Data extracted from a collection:
--- START ---

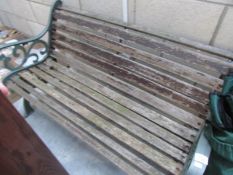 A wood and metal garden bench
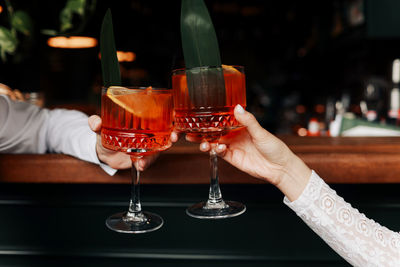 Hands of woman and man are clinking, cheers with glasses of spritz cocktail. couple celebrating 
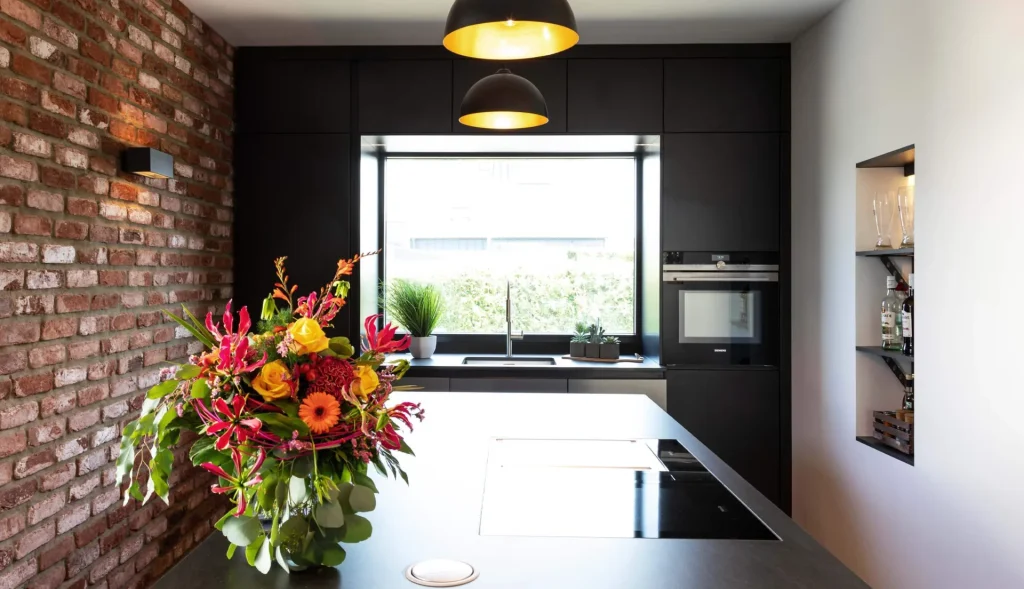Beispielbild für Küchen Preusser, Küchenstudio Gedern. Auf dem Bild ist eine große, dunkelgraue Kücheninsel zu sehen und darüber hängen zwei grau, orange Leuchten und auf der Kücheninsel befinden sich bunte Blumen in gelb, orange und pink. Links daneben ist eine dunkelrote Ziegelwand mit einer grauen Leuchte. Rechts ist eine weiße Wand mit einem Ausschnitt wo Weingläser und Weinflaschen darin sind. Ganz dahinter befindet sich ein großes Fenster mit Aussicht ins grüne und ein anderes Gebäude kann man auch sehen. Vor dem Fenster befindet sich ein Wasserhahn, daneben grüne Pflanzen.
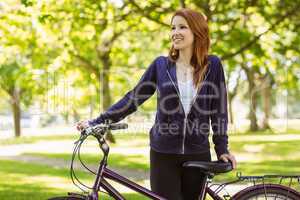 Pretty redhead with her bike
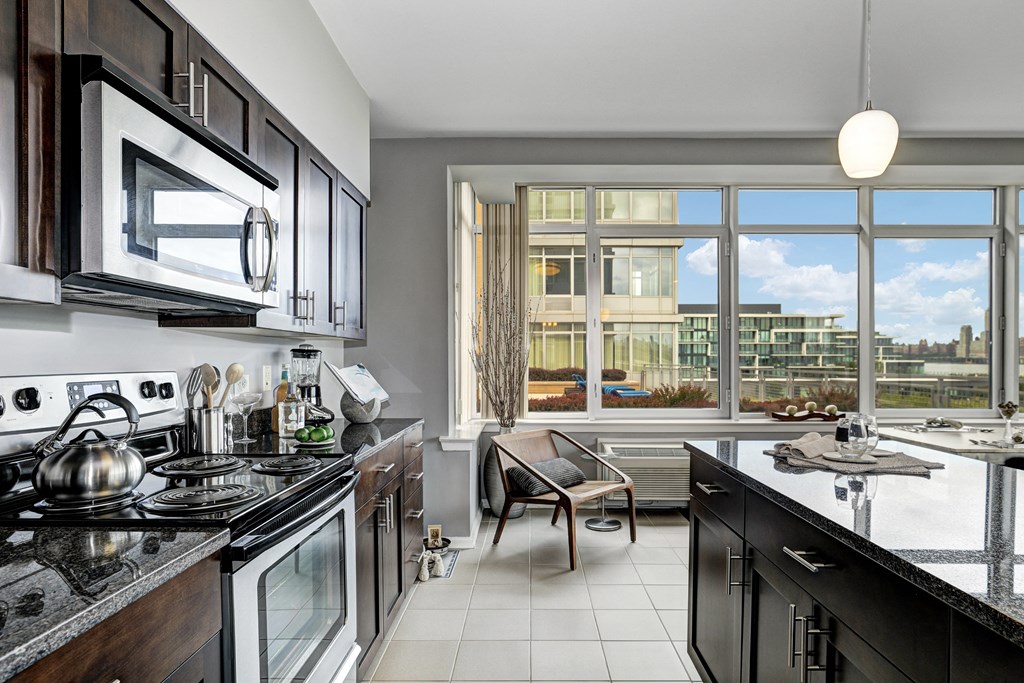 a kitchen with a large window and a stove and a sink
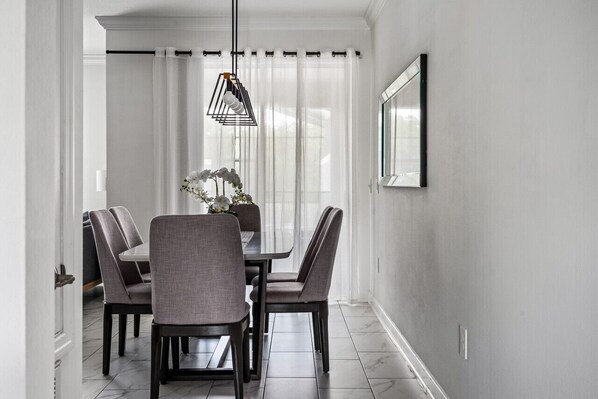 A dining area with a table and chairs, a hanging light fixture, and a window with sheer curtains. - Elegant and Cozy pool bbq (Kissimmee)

--- END ---

Would it be possible to print the records above verbatim, pictures omitted?

 A wood and metal garden bench
 Hands of woman and man are clinking, cheers with glasses of spritz cocktail. couple celebrating 
Beispielbild für Küchen Preusser, Küchenstudio Gedern. Auf dem Bild ist eine große, dunkelgraue Kücheninsel zu sehen und darüber hängen zwei grau, orange Leuchten und auf der Kücheninsel befinden sich bunte Blumen in gelb, orange und pink. Links daneben ist eine dunkelrote Ziegelwand mit einer grauen Leuchte. Rechts ist eine weiße Wand mit einem Ausschnitt wo Weingläser und Weinflaschen darin sind. Ganz dahinter befindet sich ein großes Fenster mit Aussicht ins grüne und ein anderes Gebäude kann man auch sehen. Vor dem Fenster befindet sich ein Wasserhahn, daneben grüne Pflanzen.
 Pretty redhead with her bike
 a kitchen with a large window and a stove and a sink
 A dining area with a table and chairs, a hanging light fixture, and a window with sheer curtains. - Elegant and Cozy pool bbq (Kissimmee)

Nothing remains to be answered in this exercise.